Public Services International (PSI) extends our solidarity and respect to the striking “irregular” workers of the Korean National Health Insurance Service (NHIS) customer service center and their union, the KPTU. The 30 million workers around the world that we represent, recognise that outsourcing of public services jobs is both a violation of the right to decent work and a harmful erosion of quality public services that all workers are entitled to.

No worker should be forced to live with persistent insecurity that arises from outsourcing, and we commend workers at the NHIS and their union for taking action to end precarious work in Korea.

We recall that, when President Moon Jae-in was elected in 2017, he rightfully recognised that outsourcing and temporary jobs had increased economic inequality and polarisation. Consequently, he committed to zero irregular jobs in the public sector during his term. However, four years later, the NHIS customer service center workers are still fighting for regularisation of their employment.

Workers who support the delivery of national health insurance schemes, like the NHIS customer service center workers, are delivering critical public services throughout a pandemic and should be respected, recognised, and entitled to decent work. Their work is core public sector work, directly linked to the Korean people's basic rights to social protection. It should never be outsourced. And people’s critical personal data should never be captured by the private sector. The outsourcing of core public services leads to disastrous outcomes for both the public and workers.
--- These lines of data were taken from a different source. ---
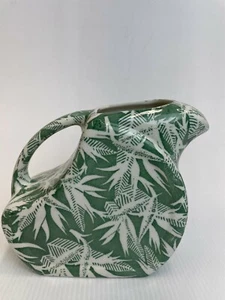 Jarra de helechos verdes vintage de mediados de siglo Wallace China Restaurant Ware helechos - Imagen 1 de 9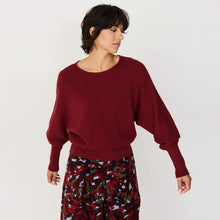 Ibar Sweater burgundy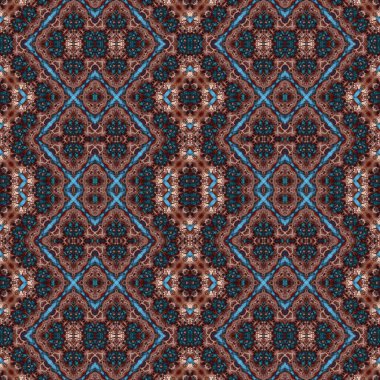 Kusursuz yaratıcı model. Kusursuz bir doku. Soyut arkaplan. Etnik arkaplan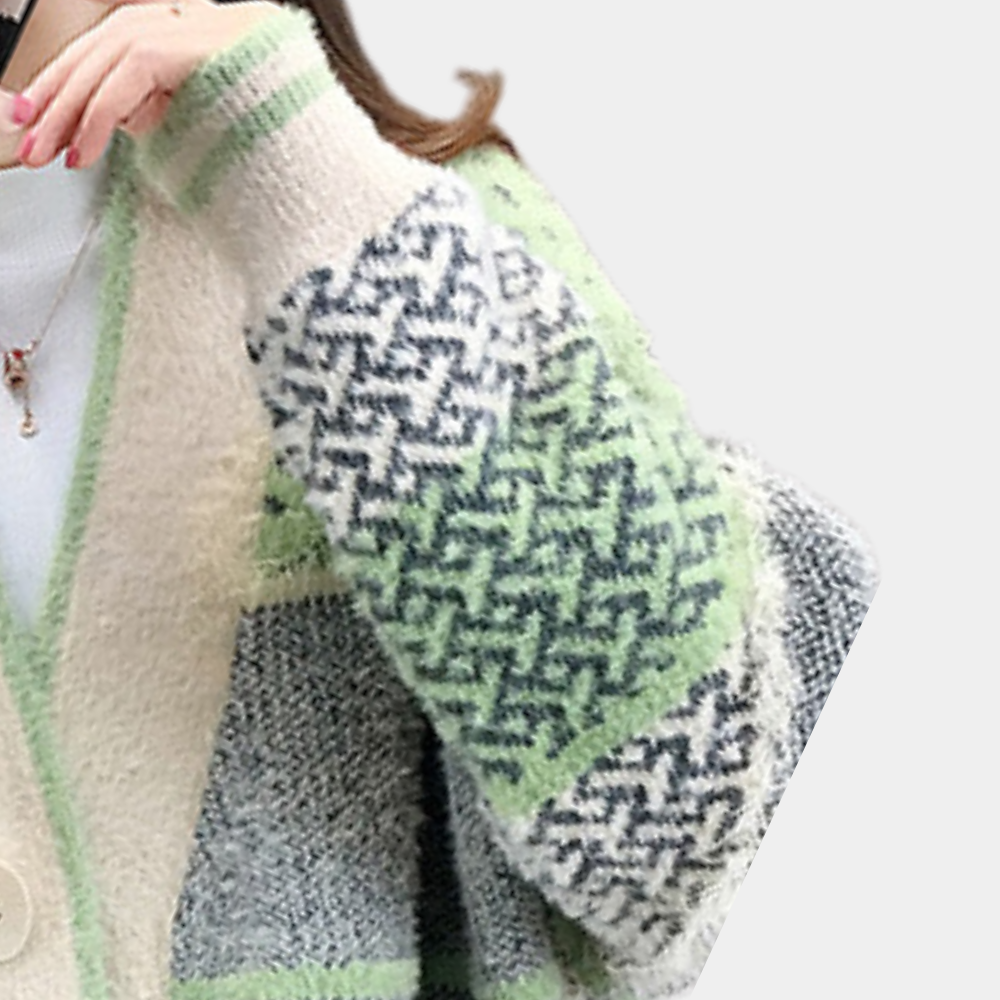 LEHIWA - Luxuriöser Komfort-Cardigan für Frauen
We know that in this dangerous era of the COVID-19 pandemic, workers delivering public services have been hesitant to take industrial action. Nevertheless, 1,000 workers of the KPTU NHIS customer service center branch were compelled to take a third round of strike action on 1st July and, when the NHIS failed to take action, the branch first vice chair took the drastic step to commence a hunger strike on 23 July.

We are concerned to hear that the rally on the 23rd of July was declared illegal, despite the measures taken by KPTU to comply with all social distancing requirements. This appears to be a violation of the right to freedom of assembly and association.
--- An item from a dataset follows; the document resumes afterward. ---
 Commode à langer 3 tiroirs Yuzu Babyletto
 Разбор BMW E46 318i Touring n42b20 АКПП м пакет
The pandemic has increased public appreciation for public services and the workers who deliver them. These workers deserve more than applause, they deserve decent, secure work and for political leaders to keep their promises. The pandemic has created an opportunity for governments to decide on the future path - to stand with workers and communities and deliver a healthier, fairer order where public services, decent work, and the ability to care for all define the new era. Or to continue on the path of inequality, corporate control and injustice.

When governments outsource jobs, they make a political decision to decrease workers’ wages and security and increase the power and wealth of the obscenely rich. PSI joins the KPTU in demanding the regularisation of the NHIS customer service center workers immediately. Your fight is a fair, principled fight for better public services and a better future. We will continue to stand with you and support your struggle for a better, fairer future for all workers and all of Korea.